A slightly trimmed down version, without the unused letters, is worth 166 points and looks like:
^a*b*c*d*e*f*g*h*i*k*l*m*n*o*p*r*s*t*w*y*z*$
A cool cheat I found to this level is ^[^o].....?$
, worth 198 points. This
works because the words in the left column are only 5 or 6 letters long in
constrast to the right column's words which are at least 7 letters long except
for oriole. oriole is filtered out with [^o]
.
10. Triples
This is probably the hardest level. The goal is to write a regular expression that matches multiples of 3. I found a blog post describing how this problem can be written as a finite state machine. The huge solution the author ends up with is
^([0369]|[258][0369]*[147]|[147]([0369]|[147][0369]*[258])*[258]|[258][0369]*[258]([0369]|[147][0369]*[258])*[258]|[147]([0369]|[147][0369]*[258])*[147][0369]*[147]|[258][0369]*[258]([0369]|[147][0369]*[258])*[147][0369]*[147])*$
This yields us 401 points.
But there is apparently a short, little cheat
00($|3|6|9|12|15)|4.2|.1.+4|55|.17
that is worth 596 points.
11. Glob
Short little 397 points cheat: [bncrw][bporn]|^p|c$|ta
12. Balance
When a tag is opened with <
it needs to be properly closed with >
. A regex
for this is:
^(<(<(<(<(<(<<>>)*>)*>)*>)*>)*>)*$`
286 points will this give us.
13. Powers
A first solution, worth 45 points, is:
^(x|xx|xxxx|x{8}|x{16}|x{32}|x{64}|x{128}|x{256}|x{512}|x{1024})$
With the following clever solution we will get 56 points:
^((((((((((x)\10?)\9?)\8?)\7?)\6?)\5?)\4?)\3?)\2?)\1?$
However, I saw an even more clever and nifty solution worth 80 points:
^(x|(xx){1,8}|x{32}|(x{64})+)$
14. Long count & 15. Long count v2
To match the complete string in the left column, we can use the regex worth 253
points ((.+)0 ?\2[1]){8}
. However, we can skip the space and question mark in
the middle of the regex, which will score us two additional points but won't
match the complete left string. This yields us ((.+)0\2[1]){8}
. The regex
will basically match pairs of 4 digit sequences where only the last digit
changes, like in the case of 1010 1011.
16. Alphabetical
My solution, worth only 50 points:
^(ae\w+ )*(as\w+ )*(ar\w+ )*(ea\w+ )*(en\w+ )*(er\w+ )*(es\w+ )*(rea\w+ )*(ren\w+ )*(rer\w+ )*(rese\w+ )*(rest\w+ )*(ret\w+ )*(sea\w+ )*(sen\w+ ?)*(ser\w+ )*(snarer ?)*(sta\w+ )*(strata )*(street)*(tan\w+ )*(tar\w+ ?)*(tas\w+ )*(teaser ?)*(tester)*(ten\w+ ?)*(tester )*(testes ?)*(tsetse)*$
It only works for this case, it's very long and it's ugly.

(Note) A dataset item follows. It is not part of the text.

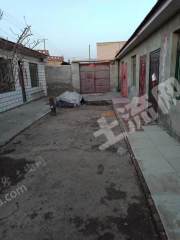 包頭九原區(qū)350平米宅基地使用權(quán)出租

A pretty nifty and complex cheat, worth 286 points, is:
^(?!.* ((.*)t.* \2[es]|(.*)s.* \3[nr]|(.*)r.* \4[en]))
However, AlanDeSmet on Github has this solution:
^(?!.*\b((.*)b.*\b\2[a]|(.*)c.*\b\3[ab]|(.*)d.*\b\4[a-c]|(.*)e.*\b\5[a-d]|(.*)f.*\b\6[a-e]|(.*)g.*\b\7[a-f]|(.*)h.*\b\8[a-g]|(.*)i.*\b\9[a-h]|(.*)j.*\b\10[a-i]|(.*)k.*\b\11[a-j]|(.*)l.*\b\12[a-k]|(.*)m.*\b\13[a-l]|(.*)n.*\b\14[a-m]|(.*)o.*\b\15[a-n]|(.*)p.*\b\16[a-o]|(.*)q.*\b\17[a-p]|(.*)r.*\b\18[a-q]|(.*)s.*\b\19[a-r]|(.*)t.*\b\20[a-s]|(.*)u.*\b\21[a-t]|(.*)v.*\b\22[a-u]|(.*)w.*\b\23[a-v]|(.*)x.*\b\24[a-w]|(.*)y.*\b\25[a-x]|(.*)z.*\b\26[a-y]))
He writes:
Alphabetical (-109) "Pure" solution: Should work for any number of words of any length limited to characters [a-z]. I haven't even considered the case where the words are of varying lengths, but my brain is done for tonight. But by my own standards, this is a cheat-free solution, and I haven't seen any others that meet that standard. Pity that it scores so abysmally.